O clássico envolve as equipes da Sociedade Esportiva e Recreativa Caxias do Sul, campeã gaúcha de 2000 e o Esporte Clube Juventude, campeão brasileiro da Série B de 1994, campeão gaúcho de 1998 e da Copa do Brasil de 1999, entre muitos outros títulos citadinos e estaduais conquistados por estes dois clubes gaúchos. O Nascimento da Rivalidade (1913 - 1935) O Juventude foi o pioneiro, fundado em 29 de junho de 1913. Durante seus primeiros 20 anos, o clube dominou o cenário local, mas faltava um rival à altura na cidade que gerasse uma polarização real. Essa lacuna foi preenchida em 10 de abril de 1935, quando foi fundado o Grêmio Esportivo Flamengo (que mais tarde viria a ser o Caxias). O Flamengo nasceu da união de dois outros clubes (Ruy Barbosa e Juvenil), com o objetivo explícito de enfrentar a hegemonia do Juventude. O primeiro clássico da história aconteceu em 4 de agosto de 1935, pelo Campeonato da 2ª Região do Rio Grande do Sul. O GE Flamengo venceu por 3 a 1.
Números
O jogo mais recente aconteceu em 21 de janeiro de 2026, pelo Campeonato Gaúcho, com mando do Juventude, terminando em 1x0 para o Juventude. Não aconteceram Ca-Jus em 1944, 1945, 1946, 1960, 1967, 1972, 1973, 1974, 1998, 2002, 2006 e 2007. No ano de 2025, o Juventude quebrou o jejum de 22 anos sem vencer, pelo Campeonato Gaúcho, na casa do rival.

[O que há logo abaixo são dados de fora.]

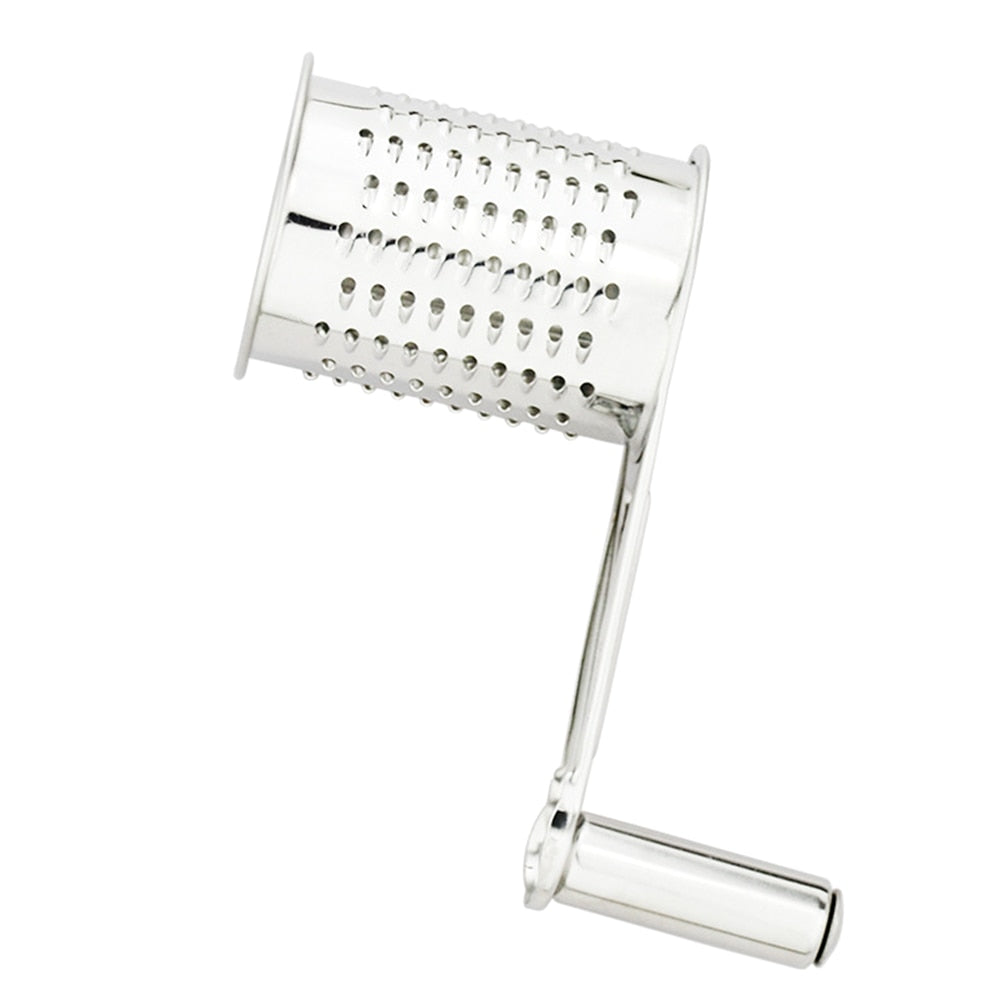 Royaleva 4-Piece Set Stainless Steel Cheese Grater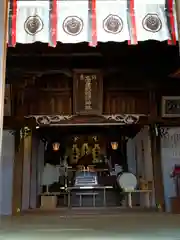 高屋敷稲荷神社(福島県)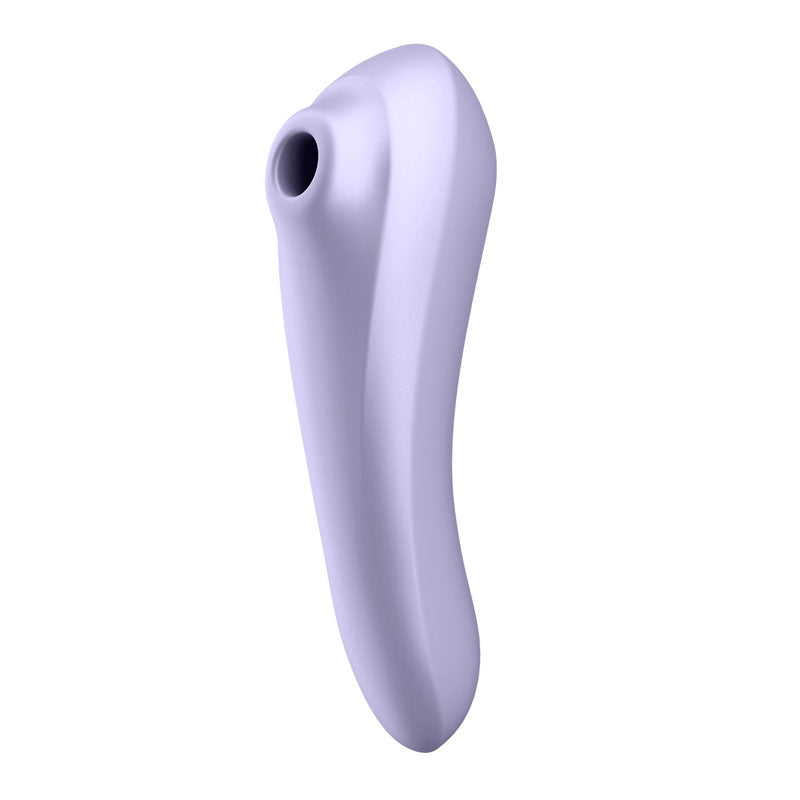 Satisfyer Dual Pleasure-(satdp-m) - SATDP-M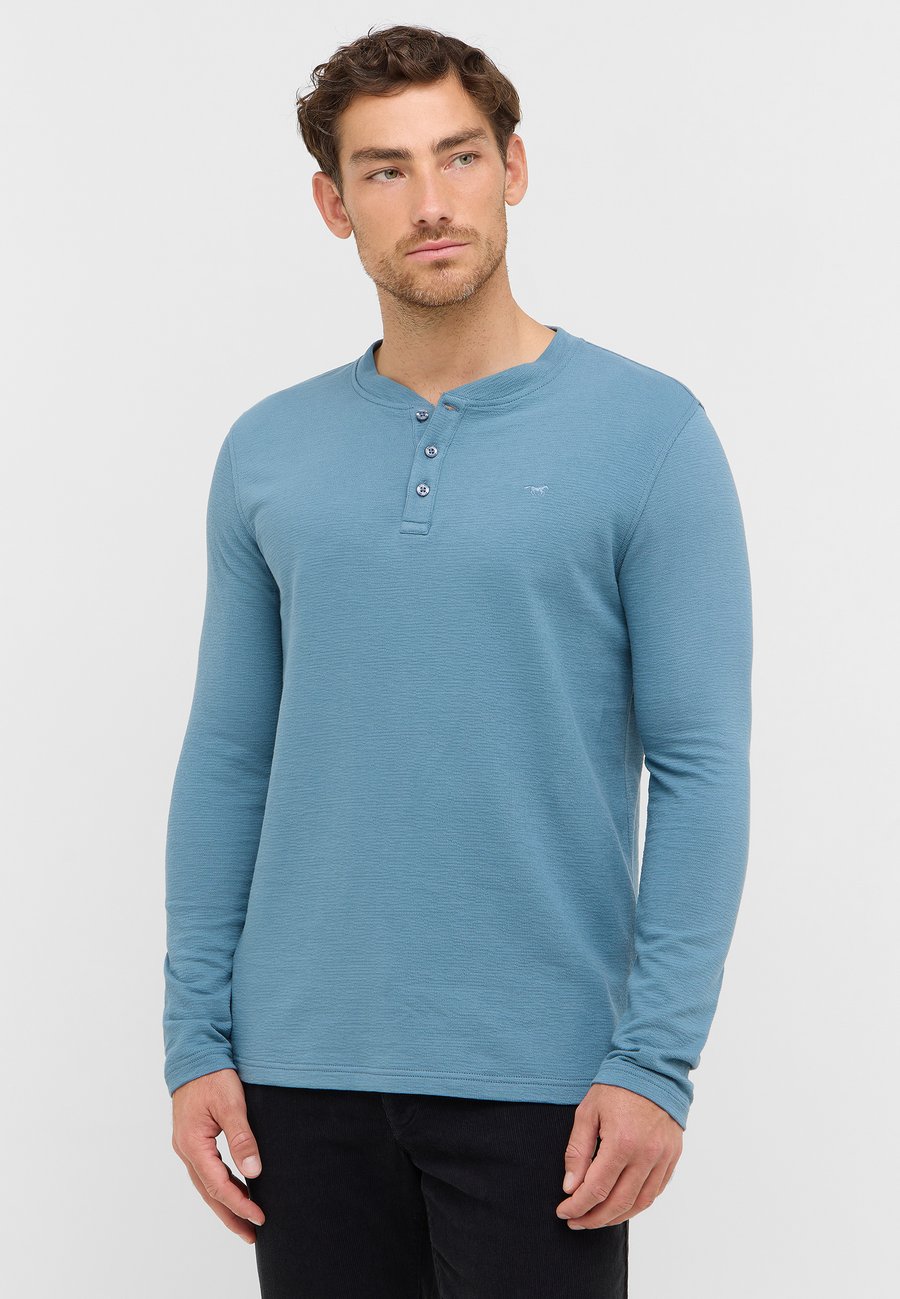 Топ Mustang Long sleeved top, Blau/Blue
Топ Mustang Long sleeved top, Blau/Blue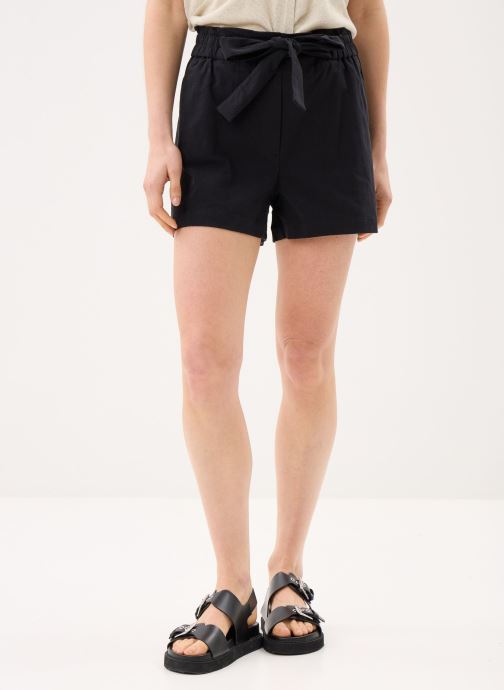 Molly Bracken Shorts Ladies Woven Shorts T1986EP damen schwarz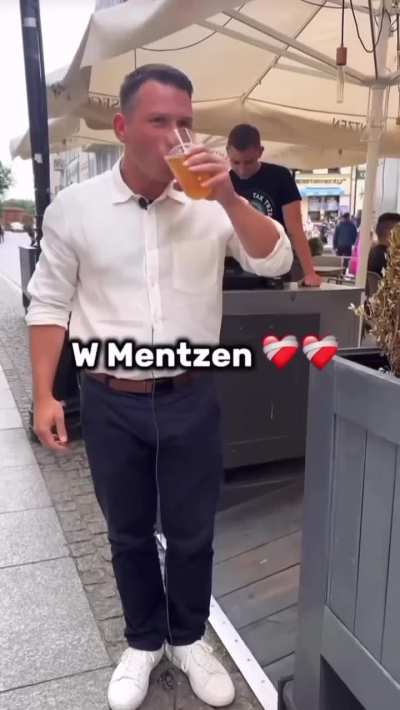 W końcu pan Sławek gada z sensem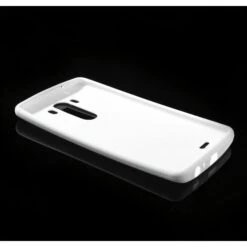 Coque LG G3 Silicone Naked Blanc -All For Phone Magasin coque lg g3 frac1126 3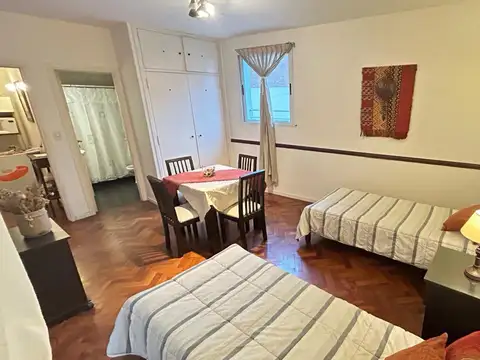Departamento en Alquiler Temporal de Monoambiente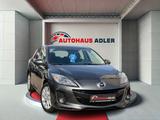 Mazda 3 2.0 MZR DISI*SPORTS-LINE*2HD*NAVI*PDC*XEN*TEMP - gebrauchte Mazda 3 aus dem Jahr 2012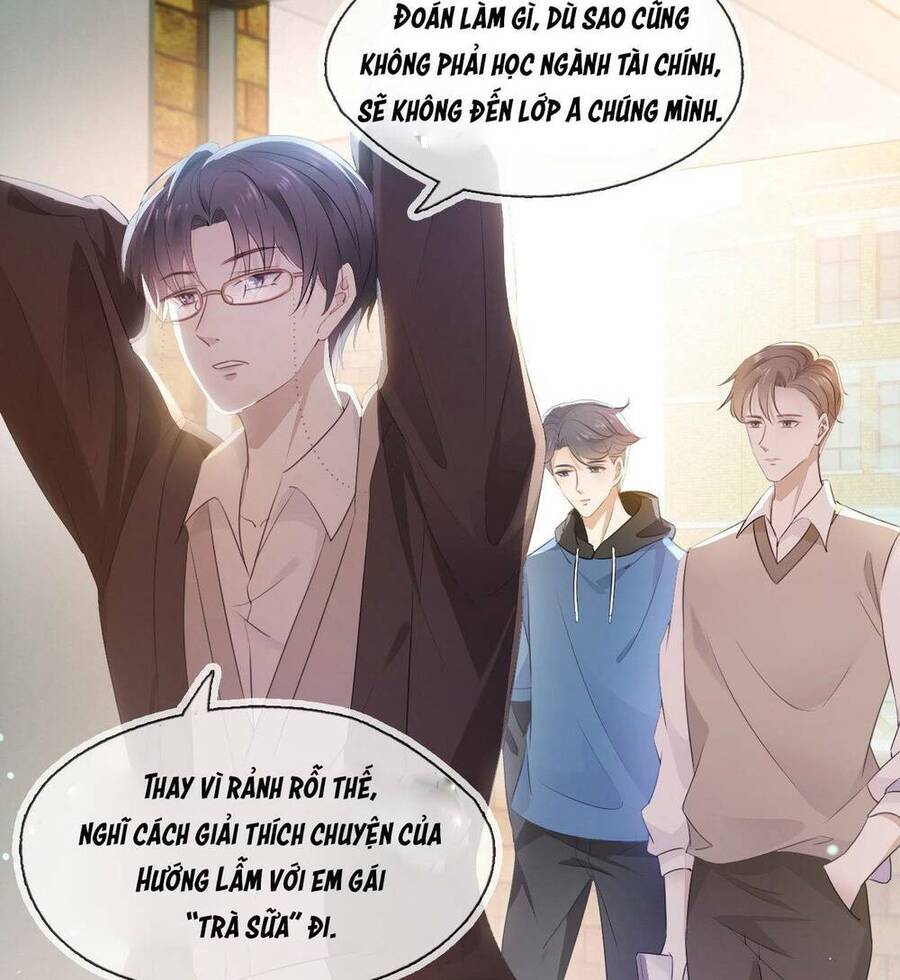 Cô Ấy Và Bông Hồng Trắng Chapter 3 - 29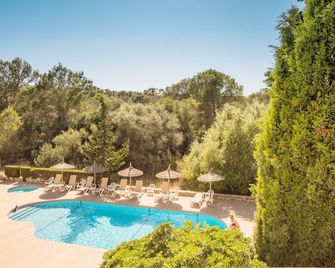 Hotel Playa Mondrago - Santanyí - Pool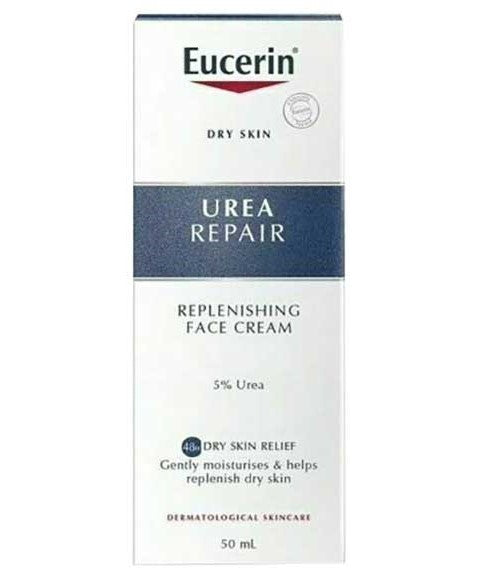 Eucerin  Dry Skin Replenishing Face Cream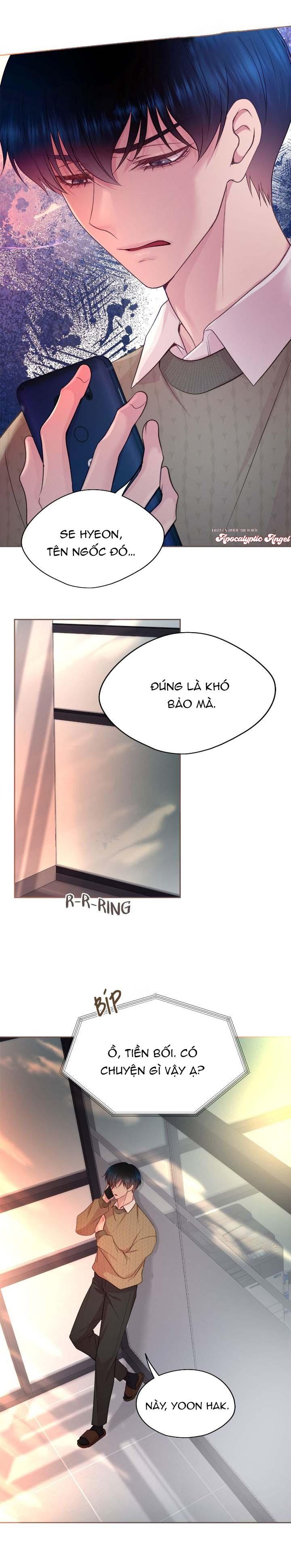 Bạn Đời Định Mệnh Chapter 20 - Next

Pelo lado do Caxias, no entanto, a estatística é contrária. No ano de 2026 o grená completou 7 anos sem vencer o seu maior rival. O recorde de invencibilidade pertence ao Caxias: 12 Ca-Jus, entre 1981 e 1984, com 7 vitórias e 5 empates. Caxias 5 a 0 Juventude*, em 27 de agosto de 2016, pela Super Copa Gaúcha.
Ca-Ju do Porco
Assim ficou conhecido o Ca-Ju 153. Era o primeiro do que seriam 12 confrontos entre Caxias e Juventude naquele ano. Minutos antes de iniciar a partida, a TOSCA (Torcida Organizada S.E.R. Caxias), principal torcida do Grená, acabou soltando um porco fardado com as cores do Juventude no gramado. Um dos presentes naquele momento era Germano Rigotto. Na época diretor do Departamento de Relações Públicas do Caxias, Rigotto acabou levando a fama pelo episódio, mesmo não estando envolvido na brincadeira. Ele conta como foi a reação da torcida quando o porco entrou no gramado: “Neste Ca-Ju, surgiu dentro da TOSCA a ideia de levar um porquinho para o estádio com a camiseta do Juventude. Eles organizaram isso e levaram ele dentro de um tambor, cheio de papel picado. Um dos membros da torcida cavou um buraco embaixo do muro do alambrado, onde seria a passagem do porco. Cerca de 10 minutos antes de começar o jogo, quando os times estavam para entrar em campo, tiraram ele de dentro do tambor e colocaram embaixo do alambrado.”
O gesto da galinha
O clássico ocorreu em 9 de agosto de 2015, no Estádio Centenário. Ao deixar o campo, o atacante Maílson, do Juventude, que havia atuado pelo Caxias em 2014, passou em frente à torcida grená e fez gestos provocativos, imitando uma galinha ao bater os braços contra o corpo. Na semana seguinte, Maílson e Jô, ambos jogadores do Juventude, saíam de um restaurante durante a noite quando foram surpreendidos por um disparo de arma de fogo que atingiu o veículo de Maílson. Nenhum dos dois ficou ferido. Ao registrar boletim de ocorrência, o atacante afirmou que vinha recebendo ameaças por meio de redes sociais e mensagens de celular nos dias anteriores.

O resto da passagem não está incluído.